Extended Euclidean algorithm that computes the Bézout coefficients as well as \(gcd(a, b)\)

Returns x, y, d where x and y are a solution to \(ax + by = d\) and \(d = gcd(a, b)\). x and y are a minimal pair of Bézout’s coefficients.

See Extended Euclidean algorithm or Bézout’s identity for more information.

Example

Compute the Bézout coefficients and GCD of 42 and 12:

>>> a, b = 42, 12
>>> x, y, d = extended_euclid(a, b)
>>> x, y, d
(1, -3, 6)

Verify the results:

>>> import math
>>> d == math.gcd(a, b)
True
>>> a * x + b * y == d
True
Parameters:
  • a – The first integer.
  • b – The second integer.
Returns:

A tuple with the Bézout coefficients and the greatest common divider of the arguments.

base_solution_linear(a: int, b: int, c: int) → Iterator[Tuple[int, int]]

Yield solutions for a basic linear Diophantine equation of the form \(ax + by = c\).

First, the equation is normalized by dividing \(a, b, c\) by their gcd. Then, the extended Euclidean algorithm (extended_euclid()) is used to find a base solution \((x_0, y_0)\).

All non-negative solutions are generated by using that the general solution is \((x_0 + b t, y_0 - a t)\). Because the base solution is one of the minimal pairs of Bézout’s coefficients, for all non-negative solutions either \(t \geq 0\) or \(t \leq 0\) must hold.
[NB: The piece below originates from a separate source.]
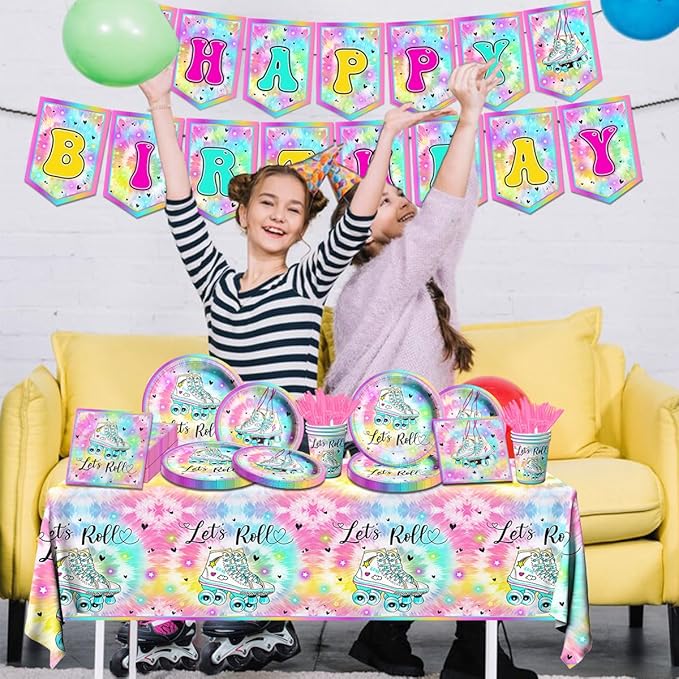 Roller Skating Party Supplies - 142Pcs Roller Skate Party Tableware Include Plates,Napkins,Cups,Banner,Tablecloth Let's Roll Birthday Decorations for Girl（20 Guests）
Also, all the non-negative solutions are consecutive with respect to \(t\).

Hence, by adding or subtracting \(a\) resp. \(b\) from the base solution, all non-negative solutions can be efficiently generated.

Parameters:
  • a – The first coefficient of the equation.
  • b – The second coefficient of the equation.
  • c – The constant of the equation.
Yields:

Each non-negative integer solution of the equation as a tuple (x, y).

Raises:

ValueError – If any of the coefficients is not a positive integer.